= TASK GOAL =
Records follow. Print exactly the lines from the one that has "4 polychrome ( tegels" through the one that has "2025 Kia Niro EV Wind", inclusive, and omit the pictures.

= MATERIAL SUPPLIED =

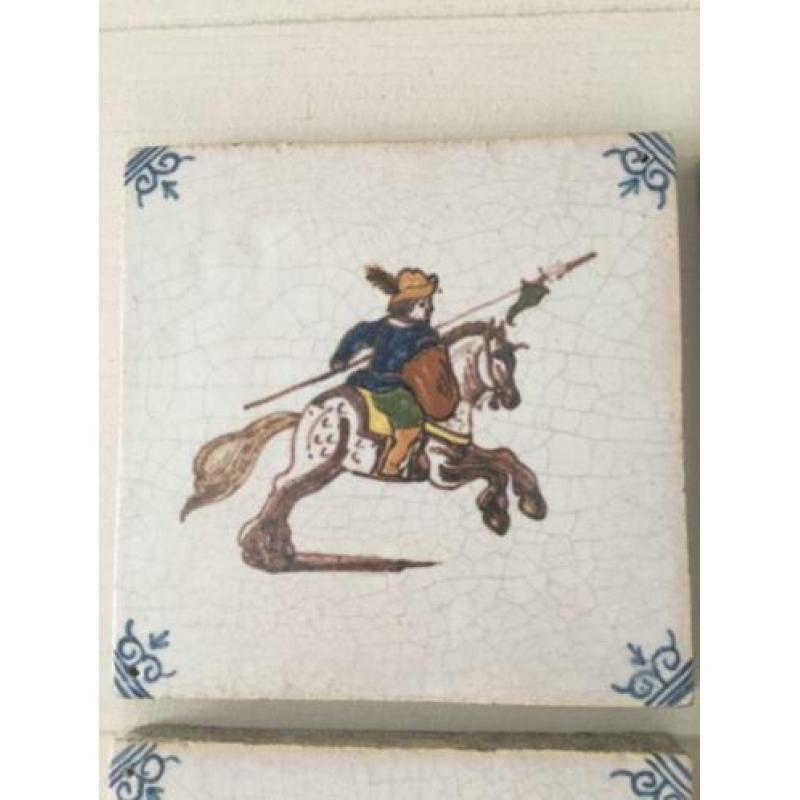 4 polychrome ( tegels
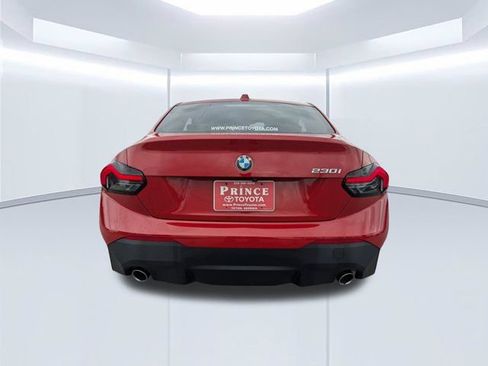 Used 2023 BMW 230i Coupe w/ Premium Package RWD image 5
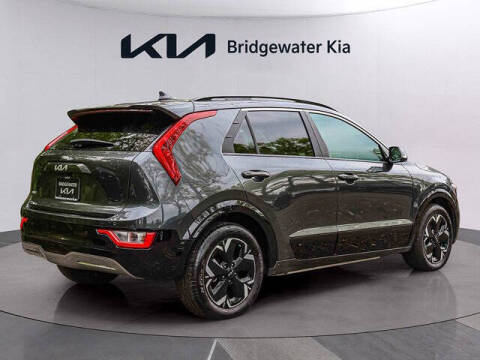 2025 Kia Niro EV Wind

--

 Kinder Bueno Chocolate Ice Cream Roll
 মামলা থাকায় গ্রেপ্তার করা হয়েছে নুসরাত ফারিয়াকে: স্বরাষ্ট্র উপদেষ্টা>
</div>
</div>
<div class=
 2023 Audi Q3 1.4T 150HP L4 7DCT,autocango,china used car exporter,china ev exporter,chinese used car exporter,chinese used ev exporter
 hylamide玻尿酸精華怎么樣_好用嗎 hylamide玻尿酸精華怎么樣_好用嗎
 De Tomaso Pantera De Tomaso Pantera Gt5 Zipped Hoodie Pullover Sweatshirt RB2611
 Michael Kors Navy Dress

= SOLUTION FOR THIS EXERCISE =
 4 polychrome ( tegels
 Used 2023 BMW 230i Coupe w/ Premium Package RWD image 5
 2025 Kia Niro EV Wind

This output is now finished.